Revealing + Redressing Injustices in Climate Adaptation
My research demonstrates that major climate adaptation projects around the world are producing inequitable and unjust land use plans and projects within cities. These projects have to be seen not only in terms of what they do for or to low-income communities, but vis-a-vis what is done for or not done to wealthier residents. In addition, cities have long relied on resources from outside their own borders. Under climate change, their efforts to securitize their own safety by extracting more water or diverting floodwaters from/to rural areas can negatively impact surrounding regions. This critical research reveals how mainstreaming adaptation into current governance institutions and planning processes can sustain existing racist, classist, and unsustainable policies. It also reveals how adaptation planning implicates regional geographies – watersheds, metropolises – as well as higher levels of government whose policies drive and constrain local responses.
To counter tendencies towards inequitable adaptation, I research institutions related to core aspects of land governance: regional governance, fiscal policy, land use regulation, and property rights regimes.
Regional Governance of Climate Adaptation
One remedy to local, exclusionary adaptation is to upscale governance to the metropolitan region. This was the focus of my dissertation on climate collaboratives in five U.S. metropolitan regions. These have enabled more localities to begin adaptation planning by expanding access to data, technical assistance, and networks. However, initiatives advocate for more local resources and authority rather than regional capacity and governance. This potentially accelerates uneven intra-regional adaptation as the most impacted municipalities confront adaptation limits. Fundamentally, my research reveals the limits of soft regionalism in changing development choices on the ground.
Fiscal Policy & Challenges under Climate Change
Recent disasters and growing concerns about climate change have spurred calls for cities to retreat and avoid developing in coastal areas. Cities can ill afford to take these steps because the decentralization of municipal services, fiscalization of land use, and fragmentation of jurisdictions into 100+ governments per metro area make local governments jealously guard their property tax rolls. In some coastal bedroom suburbs, property taxes comprise 70% of local government revenues. However, sea-level rise, floods, fires, and other climate impacts will increase the cost of local services and reduce local revenues – sometimes upwards of 50%. This limits their ability to fund services and infrastructure, leaving them more exposed to future disasters, downgraded municipal bond ratings, and increasing the cost of future adaptation. This research highlights the need to stop fiscalizing land use and start regionalizing wealth sharing and housing production to avoid the creation of climate slums and resilient enclaves.

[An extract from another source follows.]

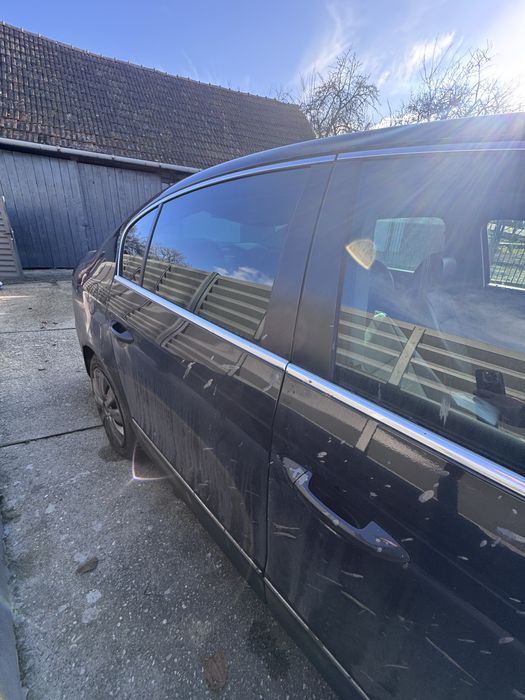 Passat B6 2007 DEZMEMBRARI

Fiscal Impact of Sea Level Rise to Municipalities in Florida
Staying Afloat in 2100: Evaluating Fiscal and Land Use Options for Coastal Adaptation in Massachusetts. Report of Cornell workshop course, Winner of APA 2020 Student Project Award
Property Rights + the Power of Collective Land Tenure
Many adaptation projects focus on the scale of individual property – for flood insurance, elevating homes, providing disclosures during property sales, and floodplain buyouts. With 13 million people currently living within 6 feet of sea levels, we need to enable action in ways that doesn’t require every individual to navigate the complexity from scratch. Meanwhile, individual residents living in more climate-safe areas also have little power to confront and resist climate gentrification. My research, along with colleagues, explores the potential for collective land ownership – for instance through community land trusts, cooperatives, indigenous communal land management, land readjustment, or even homeowner associations – to help communities resist climate gentrification, mobilize collective action, and support more equitable adaptation at a neighborhood scale.

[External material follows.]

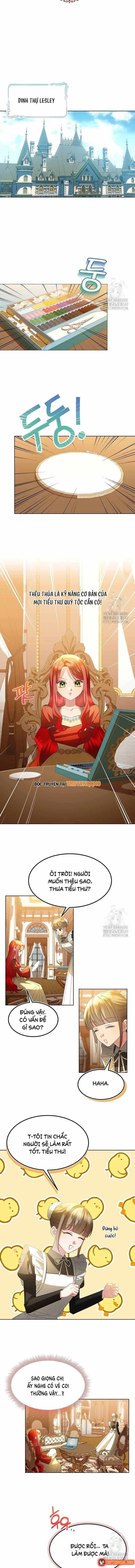 Ta Đã Hóa Thành Hắc Hoa Chapter 8 - Trang 4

Resident-Owned Resilience: Cooperative Land Ownership Enable Transformative Climate Adaptation for Manufactured Housing Communities? (Lamb, Shi, Silva, and Spicer, Housing Policy Debate, 2022) | Publisher full-text (open access)
Mobile homes comprise most of all affordable housing in the United States that is not subsidized, but residents are vulnerable to both environmental risks and displacement by eviction. We explore how collective land tenure enabled U.S. manufactured housing communities to respond to these threats.

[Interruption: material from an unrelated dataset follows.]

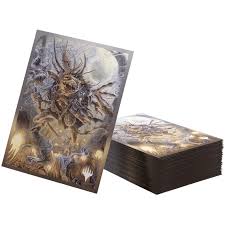 MTG Lorwyn Eclipsed Auntie Ool Premium Art Sleeves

Promises and Perils of Collective Land Tenure in Promoting Urban Resilience: Learning from China’s Urban Villages
(Shi, Lamb, Qiu, Cai, Vale, Habitat International, 2018) | Publisher full-text
We show how collective tenure enabled Shenzhen’s rural poor to capitalize on the city’s urbanization and improve their built environment, social and environmental services, resist and negotiate the terms of displacement. However, these rights did not extend to migrant tenants. Property rights accrue to the holder of those rights, and the wider the net, the wider the redistributive benefits.